Work, Energy and Power: Application Problems (7)

Question

A pump lifts $200\,\text{kg}$ of water per minute from a depth of $10\,\text{m}$ and delivers it with a speed of $20\,\text{m/s}$. Find the power of the pump. Take $g = 10\,\text{m/s}^2$.

Solution — Step by Step

The power of the pump is $1000\,\text{W}$ or $1\,\text{kW}$.

Why This Works

Power is energy per unit time. Whenever you see “per minute” or “per second” in the question, switch your thinking to rates. The water gains both PE (lifted height) and KE (delivery speed), so total mechanical energy per second is $\dot{m}(gh + \tfrac{1}{2}v^2)$.
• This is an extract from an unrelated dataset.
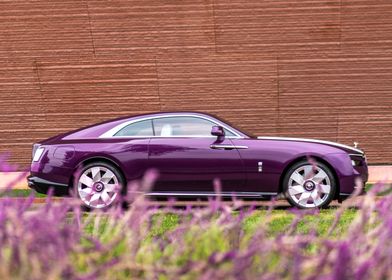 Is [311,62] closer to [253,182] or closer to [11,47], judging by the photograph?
[253,182]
The mass per second is the natural quantity for flow problems. Once you have $\dot{m}$, multiplying by energy per kilogram gives power directly.

Alternative Method

Compute total energy per minute, then divide by $60$. Energy per minute $= 200 \times (100 + 200) = 60{,}000\,\text{J}$. Power $= 60000/60 = 1000\,\text{W}$. Same answer, slightly slower.

Common Mistake

Forgetting the kinetic energy term. Many students compute only $P = \dot{m}gh = 333\,\text{W}$ and pick the wrong option. The phrase “delivers it with a speed of $20\,\text{m/s}$” is the giveaway — if speed is mentioned, KE matters.